[[ Source material, beginning ]]
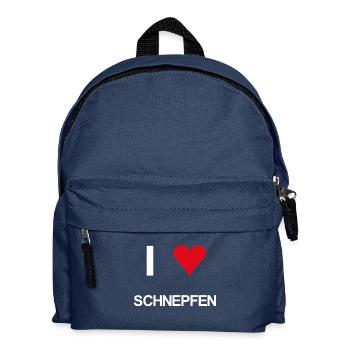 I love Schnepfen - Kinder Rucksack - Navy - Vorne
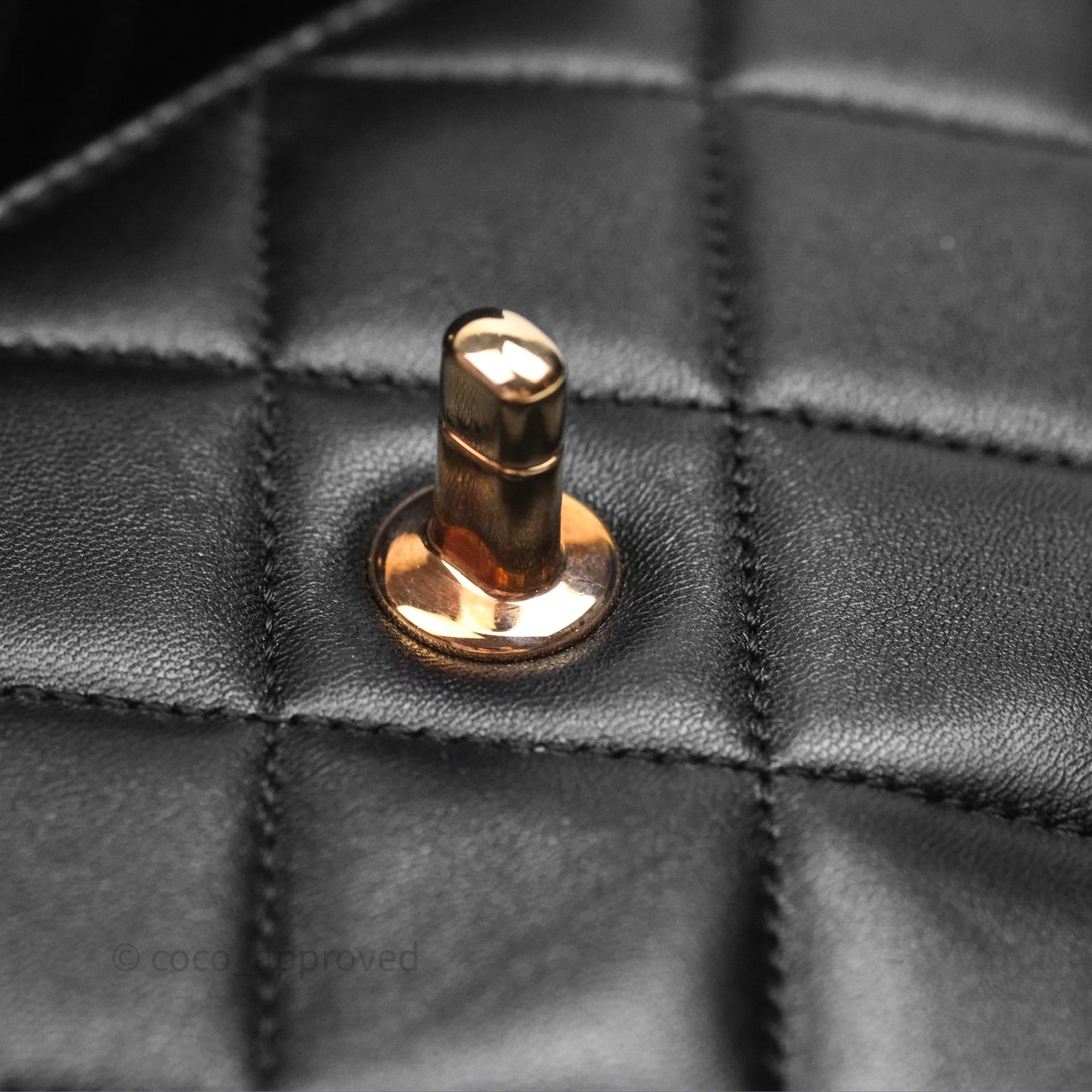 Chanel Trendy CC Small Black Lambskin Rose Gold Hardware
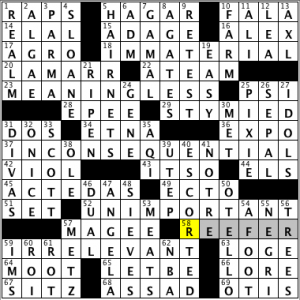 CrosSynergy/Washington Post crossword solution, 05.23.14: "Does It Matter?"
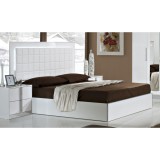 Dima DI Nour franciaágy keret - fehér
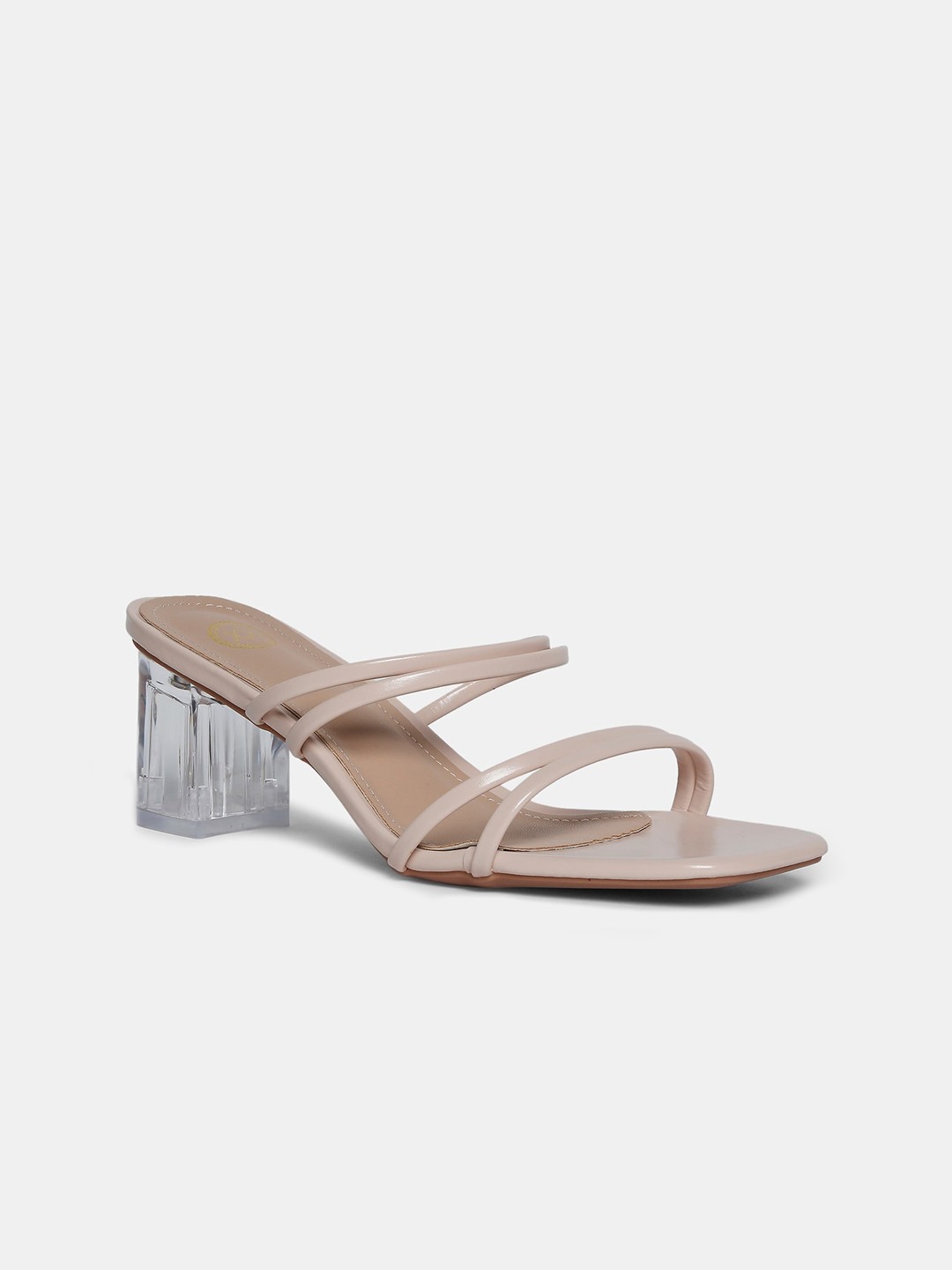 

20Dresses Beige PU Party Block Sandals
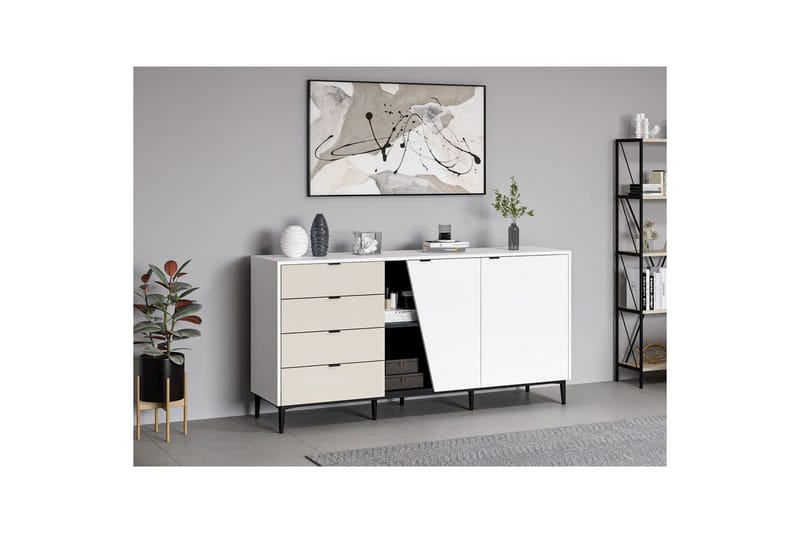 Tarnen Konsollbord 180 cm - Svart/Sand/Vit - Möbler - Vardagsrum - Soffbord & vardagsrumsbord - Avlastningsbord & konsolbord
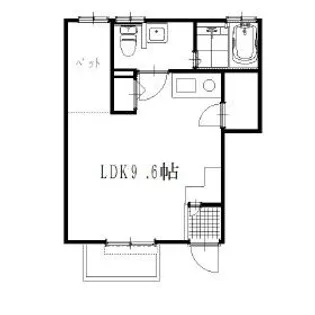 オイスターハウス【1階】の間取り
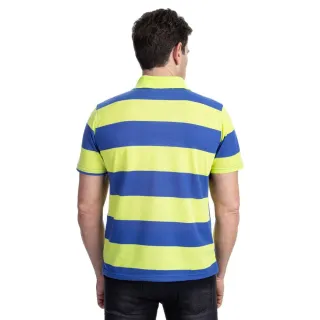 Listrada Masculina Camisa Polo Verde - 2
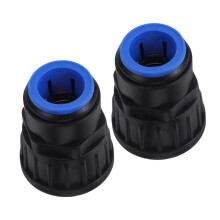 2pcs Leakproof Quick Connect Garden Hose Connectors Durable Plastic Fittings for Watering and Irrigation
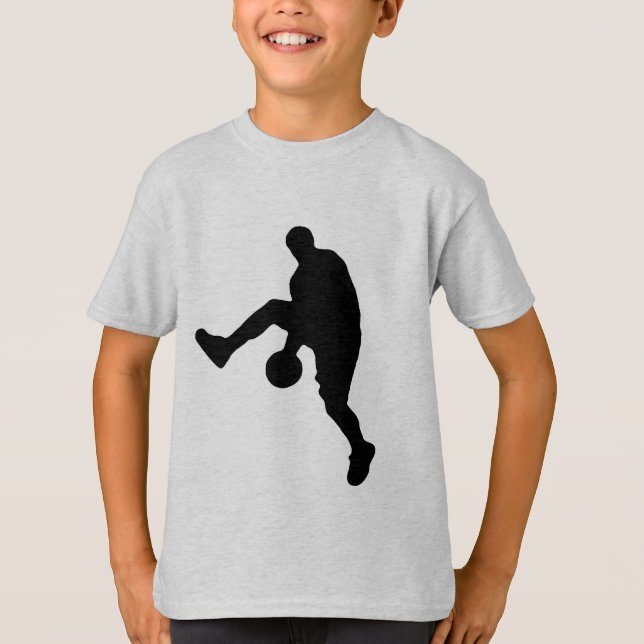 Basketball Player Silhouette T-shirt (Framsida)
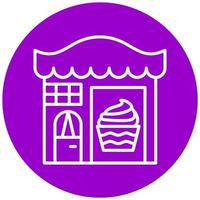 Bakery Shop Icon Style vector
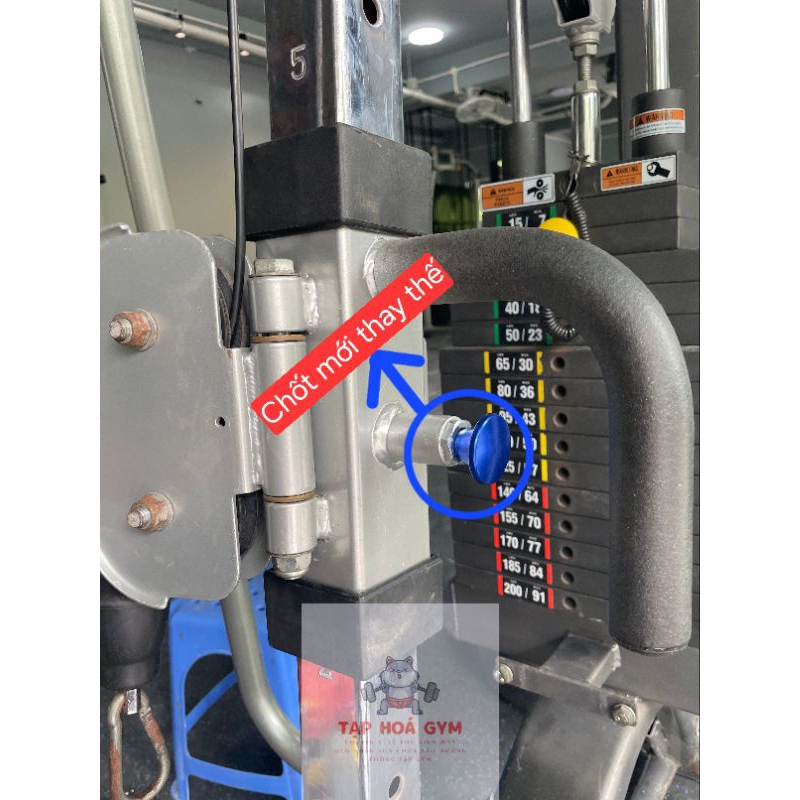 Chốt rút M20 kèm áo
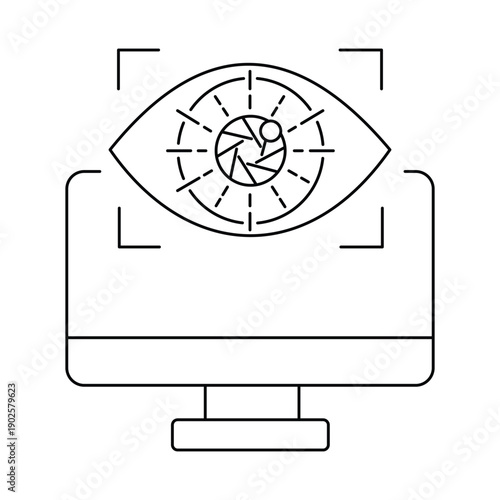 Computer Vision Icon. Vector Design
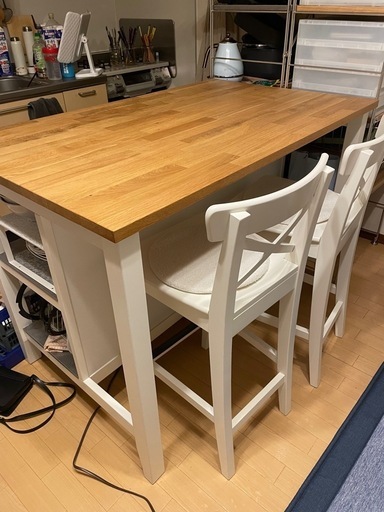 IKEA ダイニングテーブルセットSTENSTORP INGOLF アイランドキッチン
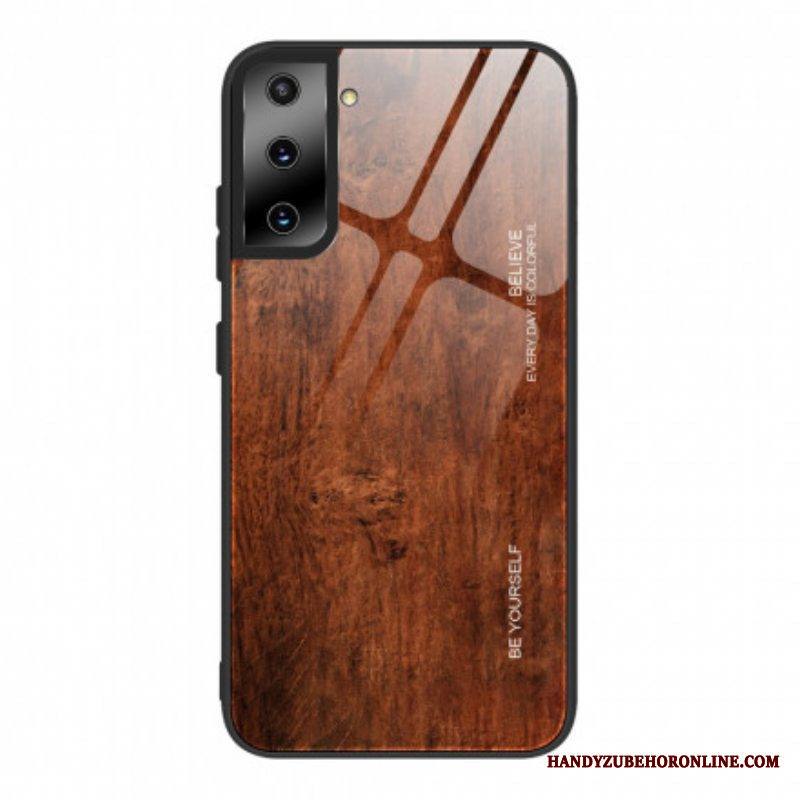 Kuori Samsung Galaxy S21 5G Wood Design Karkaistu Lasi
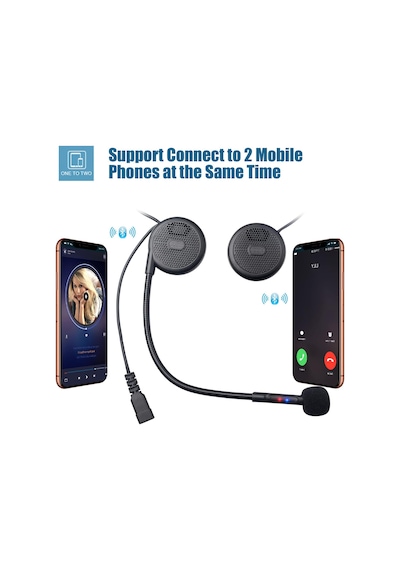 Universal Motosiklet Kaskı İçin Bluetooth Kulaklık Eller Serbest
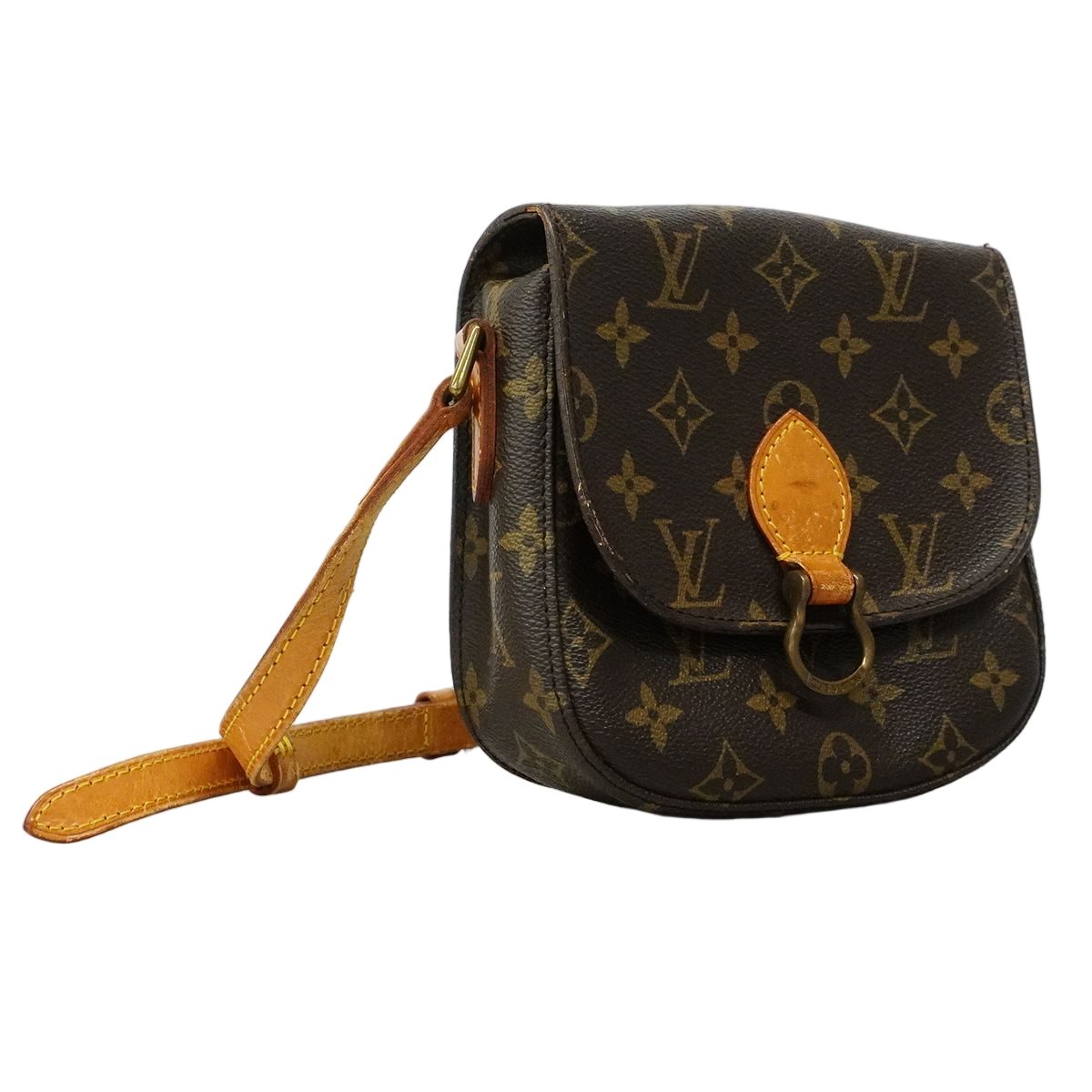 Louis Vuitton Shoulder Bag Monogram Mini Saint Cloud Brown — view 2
[[ Source material, end ]]
**Work to be completed**:
Copy exactly, and only, the lines running from the one containing "Dima DI Nour franciaágy keret - fehér" through the final line of the data, and omit the pictures.

**Written reply**:
 Dima DI Nour franciaágy keret - fehér

20Dresses Beige PU Party Block Sandals
 Tarnen Konsollbord 180 cm - Svart/Sand/Vit - Möbler - Vardagsrum - Soffbord & vardagsrumsbord - Avlastningsbord & konsolbord
 オイスターハウス【1階】の間取り
 Listrada Masculina Camisa Polo Verde - 2
 2pcs Leakproof Quick Connect Garden Hose Connectors Durable Plastic Fittings for Watering and Irrigation
 Basketball Player Silhouette T-shirt (Framsida)
 Bakery Shop Icon Style vector
 Chốt rút M20 kèm áo
 Computer Vision Icon. Vector Design
 IKEA ダイニングテーブルセットSTENSTORP INGOLF アイランドキッチン
 Kuori Samsung Galaxy S21 5G Wood Design Karkaistu Lasi
 Universal Motosiklet Kaskı İçin Bluetooth Kulaklık Eller Serbest
 Louis Vuitton Shoulder Bag Monogram Mini Saint Cloud Brown — view 2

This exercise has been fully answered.